Response concerning two papers published in the Apr 2013 JAMA on ACGME duty hour restrictions

I agree that we ought to let data guide policy on duty hours, but by my reading the data are nowhere near as clear cut as they have been made out to be by opponents of duty hour restrictions. The 2013 papers from both Desai and Sen suffer from such deep methodological flaws that they are of little use, if any, in determining the real impacts of duty hour restrictions. Both studies rely primarily on subjective, rather than objective measures of quality of care – in fact, Sen et al do not have a single objective measure – and are, by necessity, unblinded. This opens the analysis to a crippling bias that neither team addresses.

We all know that if one wishes to assess the affects of an intervention, one must either rely on objective measures of success, or be able to conceal from the participants which arm of the study they are in. It is preferable to do both, of course, but a study that does neither is nothing more than an fancy opinion poll. It is already well known that duty hour restrictions face considerable opposition within some quarters of the American medical community, and these studies merely confirm this fact. If the FDA were to approve a drug on the basis of an industry-sponsored survey that asked doctors to rate their opinion of the study drug versus a control, we would be outraged. But that is the level of evidence we are dealing with here.

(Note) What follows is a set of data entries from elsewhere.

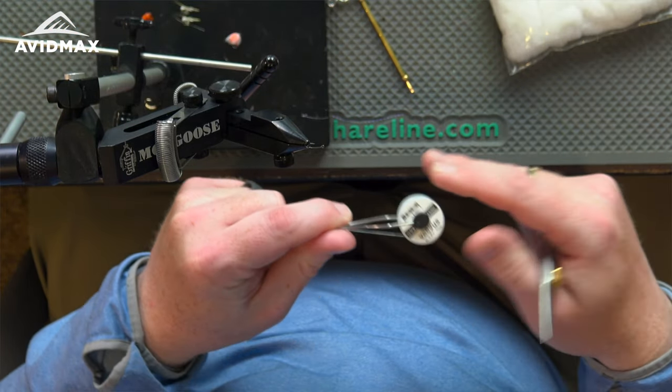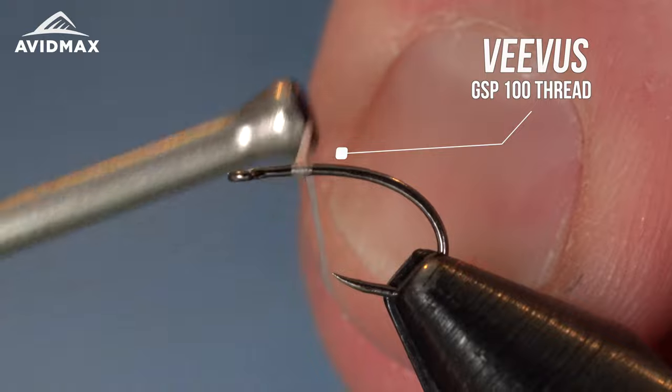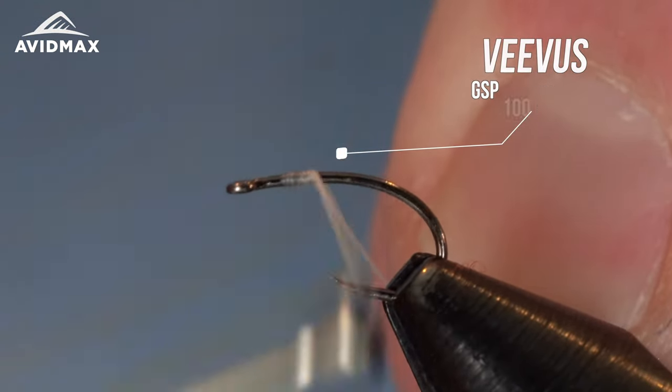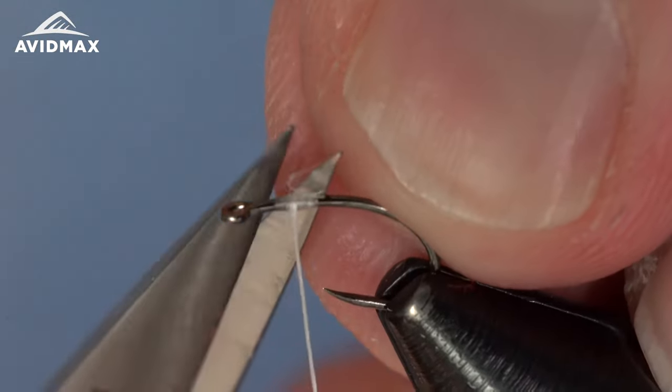I'm using GSP 100 from Vivas. We'll start that right on the hook shank at about the midpoint, getting some locking wraps down before we clip out the tag and go into the first material.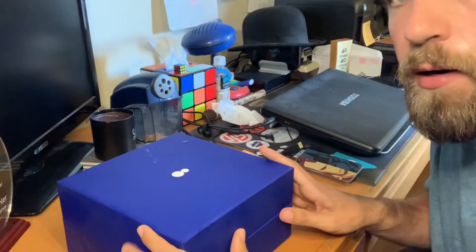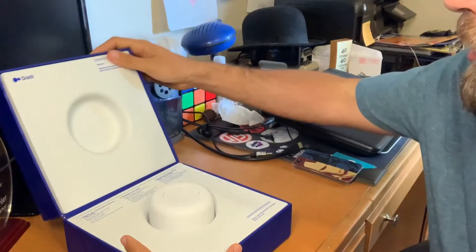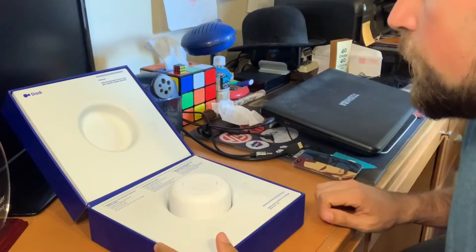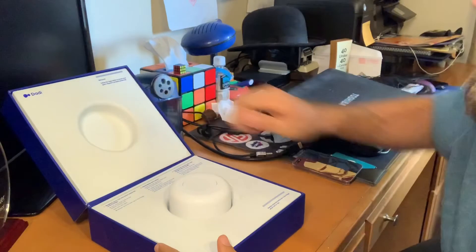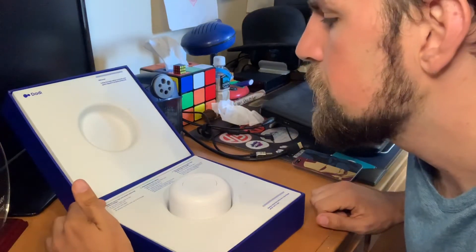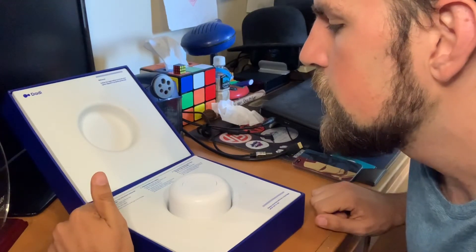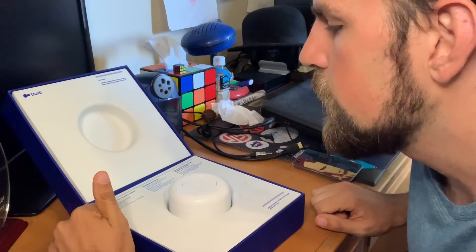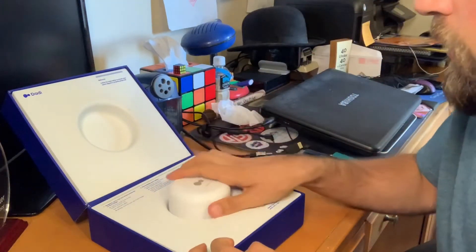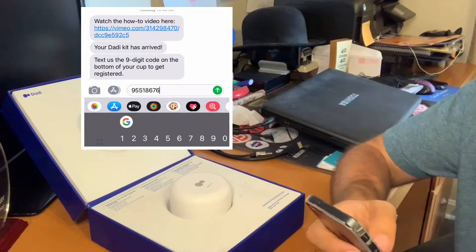We've got our kit here - it needs to sit out for about 20 minutes. While I'm doing that, I'm going to examine the kit. Opening it up, it says: 'Welcome, follow the steps below to ensure your sperm deposit is properly preserved.' It says to register your cup - text the nine-digit code on the bottom of the cup - and always store the kit and cup in the fridge.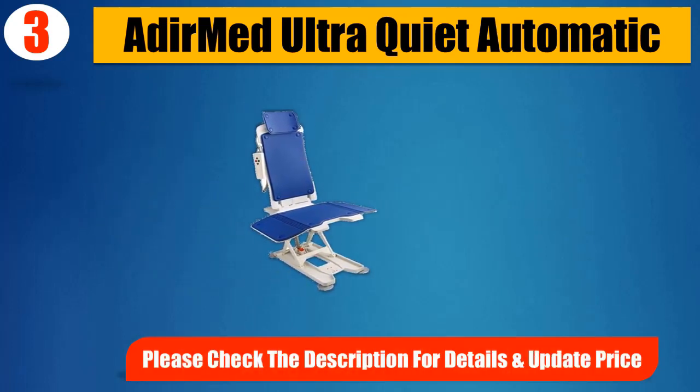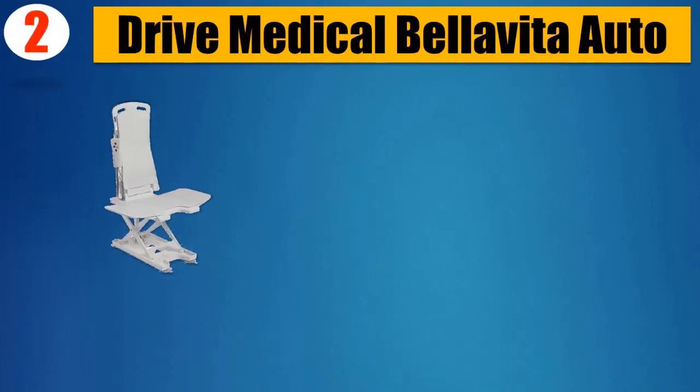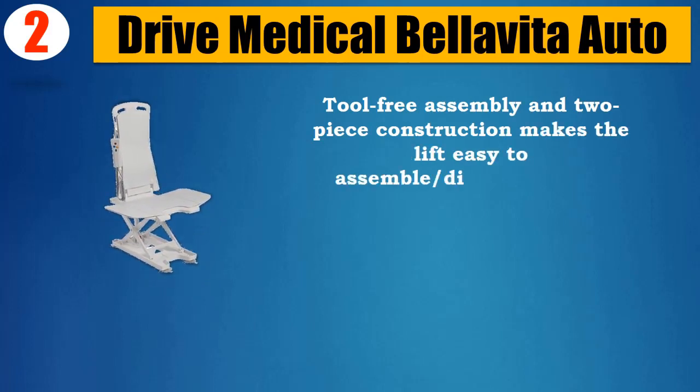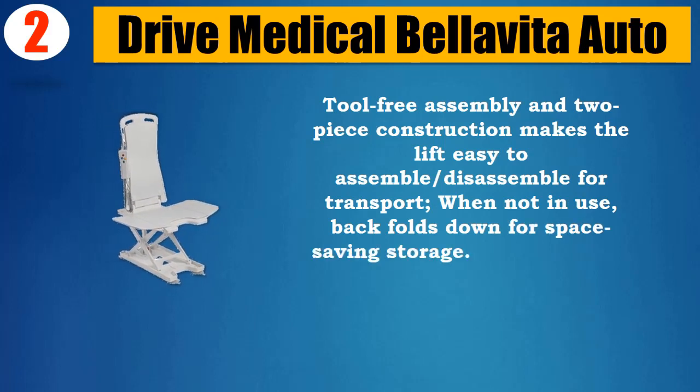Please check the description for details and updated price. Number 2: Drive Medical Bellavita Auto Aluminum. Tool-free assembly and two-piece construction makes the lift easy to assemble/disassemble for transport. When not in use, back folds down for space-saving storage.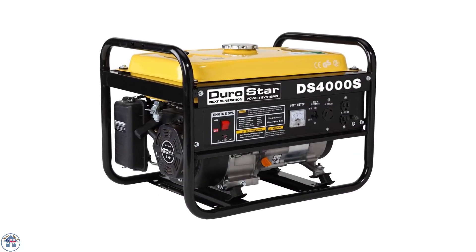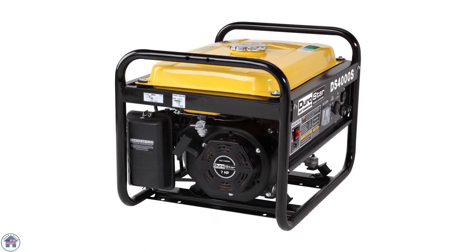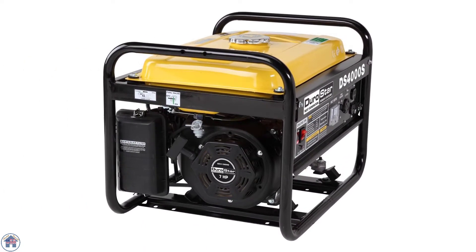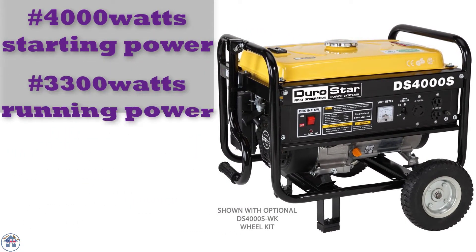The Durostar DS 4000S is a powerful and versatile generator that is well made with a heavy-duty steel frame. It can be used to supply emergency power to your major appliances and lights, as it provides 4,000 watts of starting power and up to 3,300 watts for eight hours of continuous power at 50% capacity.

It is hard to judge the impact of duty hour limits outside the context of the safety and educational reforms that were intended to accompany them. Nasca et al, writing for the ACGME in the July 2010 NEJM, remarked that duty hour limits were never meant to solve all of the problems of the American hospital system. Unfortunately, however, “[...] duty hours remained the primary focus for programs and institutions; larger changes in the learning environment that were envisioned when the duty-hour standards were instituted in 2003 never materialized.” If, during a trial comparing a new surgical procedure to medical management, it was learned that several of the operating rooms had been contaminated, we would need to repeat the study; if, in fact, the present duty hour limit regime is harming patients, we will not know whether the restrictions themselves are to blame, or whether the problem is the medical community’s failure to implement a more comprehensive reform.

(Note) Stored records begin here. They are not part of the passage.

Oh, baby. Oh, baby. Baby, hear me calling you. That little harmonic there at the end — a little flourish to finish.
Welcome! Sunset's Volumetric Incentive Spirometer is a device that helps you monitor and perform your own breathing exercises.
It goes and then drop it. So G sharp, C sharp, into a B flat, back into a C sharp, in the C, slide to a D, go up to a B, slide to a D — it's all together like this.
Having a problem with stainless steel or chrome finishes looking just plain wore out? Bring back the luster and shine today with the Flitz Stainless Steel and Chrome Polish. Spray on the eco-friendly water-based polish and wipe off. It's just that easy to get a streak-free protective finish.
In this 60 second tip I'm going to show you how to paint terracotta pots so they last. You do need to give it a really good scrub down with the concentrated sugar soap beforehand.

But at the moment, unless there is better work out there of which I’m not aware, we can’t make any claims regarding the effect of duty hour restrictions, pro or con. On the other hand, it has been shown that interns are more likely to be involved in motor vehicle collisions when driving after working extended shifts (Barger et al, NEJM 2005). There are those who insist that a person who is too tired to drive is not too tired to care for patients, but we must have evidence to accept this counter-intuitive claim. If there’s data – not glorified opinion polls, not alarming anecdotes, not nostalgic paeans to the good old days, but real data on patient outcomes – then let’s see that data. Otherwise, I can’t agree that moving back to the old system is a viable option.